[Activity]:
Exactly the lines from the line that has "Hi, this is" through the final line below are to be retyped, and the pictures are not.

[Dataset section]:
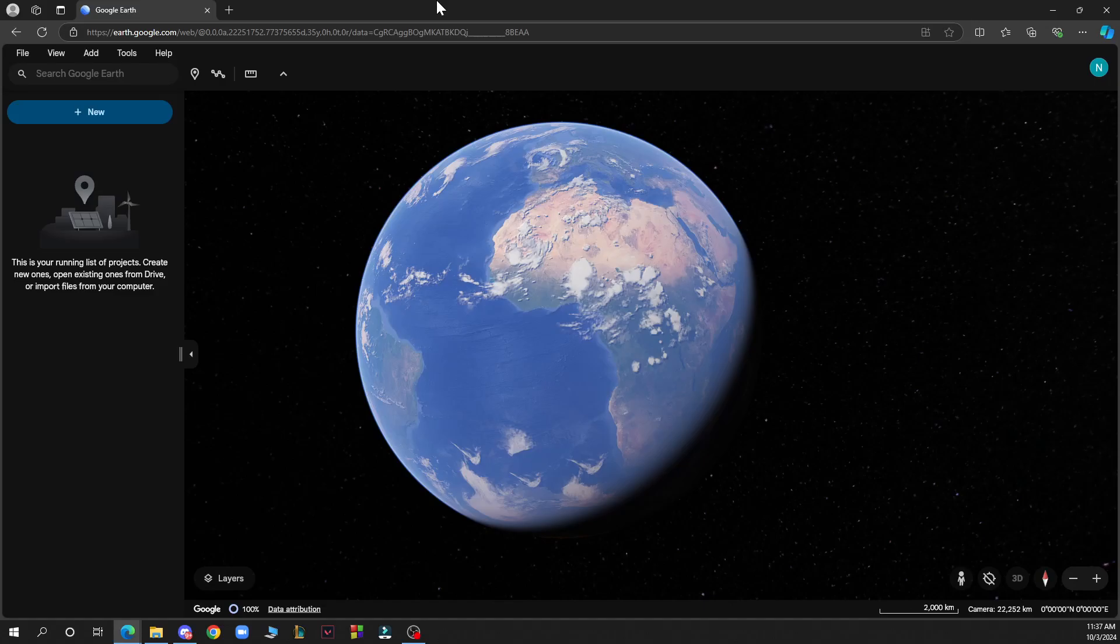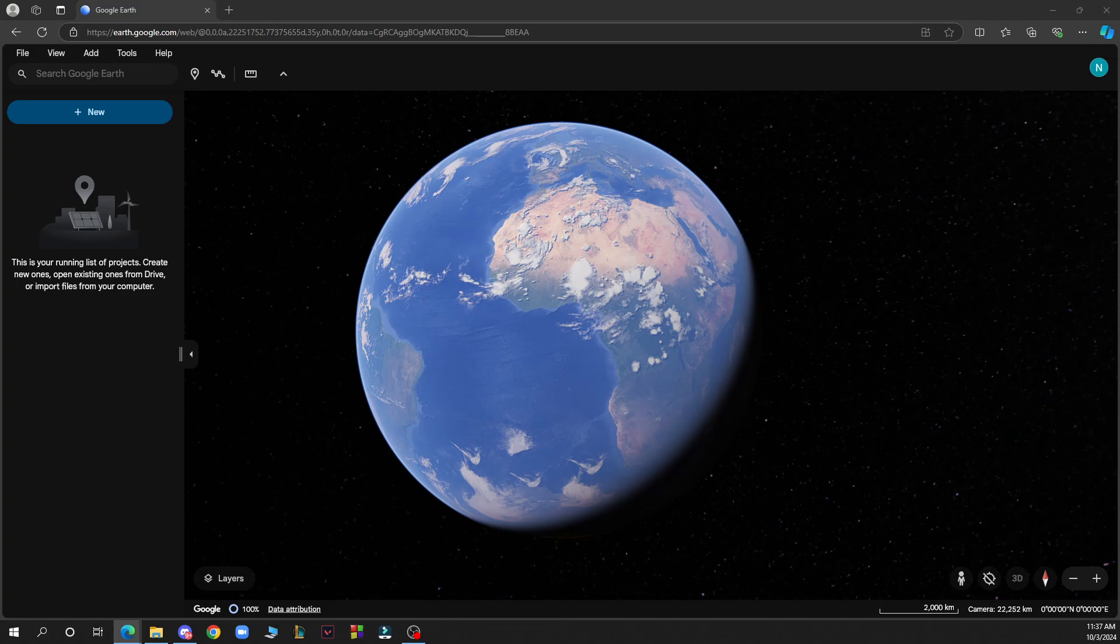Hello guys and welcome back to this channel. Today I'll be showing you how to print maps from Google Earth. The first thing you need to do is go to Google and type in google earth.com. After that, log into your profile through your email or Google account.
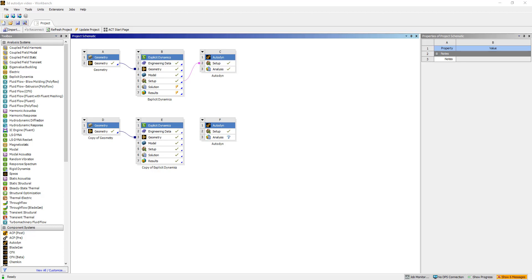Hi, this is Mingyao from Ozen Engineering. In this video, I'll show you how to set up a 3D simulation to run in parallel in Autodyne GUI.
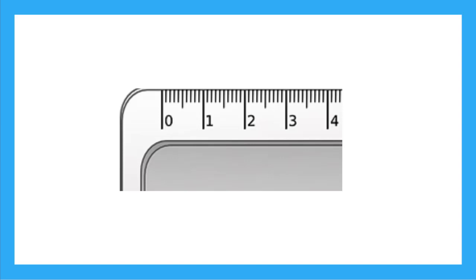Let's look at what a centimeter really is. Here I've zoomed in on our ruler. Do you see all the little lines between the zero centimeter mark and the one centimeter mark? How many spaces are there in one centimeter? We can count them.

[Output]:
Hi, this is Mingyao from Ozen Engineering. In this video, I'll show you how to set up a 3D simulation to run in parallel in Autodyne GUI.
Let's look at what a centimeter really is. Here I've zoomed in on our ruler. Do you see all the little lines between the zero centimeter mark and the one centimeter mark? How many spaces are there in one centimeter? We can count them.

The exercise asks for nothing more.